Toniight I went to sign on as usual, but got the response, "That e-mail and password combination not recognised" I had to go through the "forgotten password" link, even though I hadn't forgotten it to get in.
Am I being paranoid here or does something stink of fish?
Topcattopone said: Toniight I went to sign on as usual, but got the response, "That e-mail and password combination not recognised" I had to go through the "forgotten password" link, even though I hadn't forgotten it to get in.
Am I being paranoid here or does something stink of fish?
I had the same issue a little while ago and had to rest as well to log in.
MM beefed up the password checking a while back, turned out the previous version only checked the first so many characters, and ignored the rest.
So if someone's password was set to bananaWAM27, but they'd misremembered it as bananaWAM43, it would still have worked because only "bananaWA" was actually being checked. The improved version checked the entire string so all of a sudden passwords that used to work stopped working.
The solution is a password reset, or if that's not possible due to lost email account, message MM (create a new a/c if necessary) and he'll be able to sort it for you.
DungeonMasterOne said: MM beefed up the password checking a while back, turned out the previous version only checked the first so many characters, and ignored the rest.
So if someone's password was set to bananaWAM27, but they'd misremembered it as bananaWAM43, it would still have worked because only "bananaWA" was actually being checked. The improved version checked the entire string so all of a sudden passwords that used to work stopped working.
The solution is a password reset, or if that's not possible due to lost email account, message MM (create a new a/c if necessary) and he'll be able to sort it for you.
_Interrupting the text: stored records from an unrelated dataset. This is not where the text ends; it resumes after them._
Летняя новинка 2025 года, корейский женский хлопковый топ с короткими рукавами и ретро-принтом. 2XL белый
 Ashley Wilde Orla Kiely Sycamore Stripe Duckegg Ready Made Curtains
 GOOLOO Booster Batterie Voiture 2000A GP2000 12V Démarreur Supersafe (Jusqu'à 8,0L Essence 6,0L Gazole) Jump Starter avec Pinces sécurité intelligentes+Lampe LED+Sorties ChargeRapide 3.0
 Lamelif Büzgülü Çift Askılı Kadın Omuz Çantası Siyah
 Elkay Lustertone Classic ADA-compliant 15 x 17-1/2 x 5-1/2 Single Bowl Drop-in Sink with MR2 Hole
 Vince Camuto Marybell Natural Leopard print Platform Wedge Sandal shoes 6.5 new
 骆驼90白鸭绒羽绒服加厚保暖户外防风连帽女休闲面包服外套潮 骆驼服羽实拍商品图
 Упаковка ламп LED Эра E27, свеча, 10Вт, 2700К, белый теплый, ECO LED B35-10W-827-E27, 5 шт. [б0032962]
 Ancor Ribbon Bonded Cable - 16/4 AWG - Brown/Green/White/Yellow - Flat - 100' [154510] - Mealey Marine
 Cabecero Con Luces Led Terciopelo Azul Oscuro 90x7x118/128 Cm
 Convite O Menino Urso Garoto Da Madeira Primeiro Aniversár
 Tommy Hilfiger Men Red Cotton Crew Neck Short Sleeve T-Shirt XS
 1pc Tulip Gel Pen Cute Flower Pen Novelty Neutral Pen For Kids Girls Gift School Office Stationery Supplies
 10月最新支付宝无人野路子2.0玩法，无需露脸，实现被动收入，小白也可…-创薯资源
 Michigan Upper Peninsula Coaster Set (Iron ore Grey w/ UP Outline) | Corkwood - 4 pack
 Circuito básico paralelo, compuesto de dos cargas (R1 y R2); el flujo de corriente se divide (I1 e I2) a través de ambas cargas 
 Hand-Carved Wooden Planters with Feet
Sorry, what? You mean to tell me you were storing unsalted passwords and doing a plaintext comparison? Please tell me this isn't the case any more
DungeonMasterOne said: MM beefed up the password checking a while back, turned out the previous version only checked the first so many characters, and ignored the rest.
So if someone's password was set to bananaWAM27, but they'd misremembered it as bananaWAM43, it would still have worked because only "bananaWA" was actually being checked. The improved version checked the entire string so all of a sudden passwords that used to work stopped working.
The solution is a password reset, or if that's not possible due to lost email account, message MM (create a new a/c if necessary) and he'll be able to sort it for you.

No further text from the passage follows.